SGI to Scale Linux Across 1024 CPUs

Press Release by foobsr · 2004-07-18 03:44 · Score: 3, Informative

The link to the press release as of July 14.

CC.

--
TaijiQuan (Huang, 5 loosenings)

Re:What happened to RISC? by DAldredge · 2004-07-18 03:53 · Score: 3, Informative

AMD and Intel happened. What do you think is running your computer right now (assuming it's an x86)? It a RISC chip that has x86 translater attached, the core of the chip is RISC.

Re:Solaris by justins · 2004-07-18 03:59 · Score: 4, Informative

Solaris is not a leader in supercomputing, never has been.
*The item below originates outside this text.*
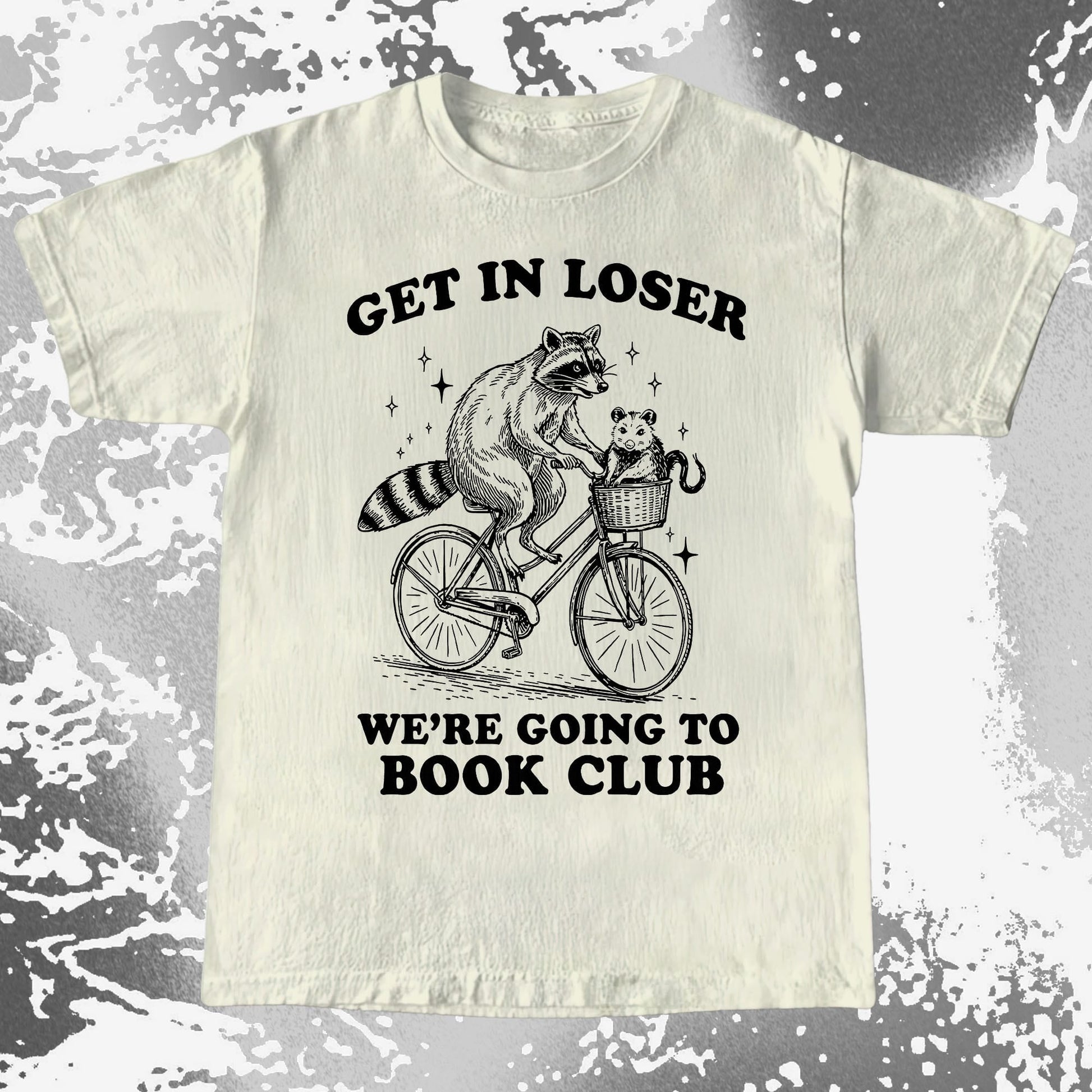 Funny Raccoon Opossum Get In Loser Book Club Shirt, funny meme tee gift (view 4)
http://top500.org/list/2004/06/

There's no "stronghold" for Sun to lose.

--
Now before I get modded down, I be to remind whoever might read this that what I am saying is FACT. - bogaboga

Sun != scientific computing by vlad_petric · 2004-07-18 04:03 · Score: 4, Informative

Sun processors execute server workloads (database, app server) very well, but that's pretty much it. The emphasis with such workloads is on the memory system. Boatloads of caches do the job. It's also more effective to have tons of processors that are very simple, than just a couple of them that are complex and powerful.

Scientific computing means data crunching (floating point). Complex, powerful processors are needed. The "stupider, but more" tradeoff doesn't work anymore. Sun processors have fallen behind in this respect.

--

The Raven

It became obsolete by mangu · 2004-07-18 04:05 · Score: 3, Informative

RISC stands for "reduced instruction set computer". It made sense in the 1980's when the "CISC", complex instruction set computers, took tens or hundreds of clock cycles to execute some instructions. With RISC one had less instructions, but each instruction executed in less clock cycles, resulting in a faster computer. Today, CPU's with full-size instruction sets execute most of them as fast as a RISC CPU does, so there is no need to limit the instruction set anymore. Even such complex instructions as multyplying double-precision floating point numbers are executed in a single clock cycle in a Pentium 4.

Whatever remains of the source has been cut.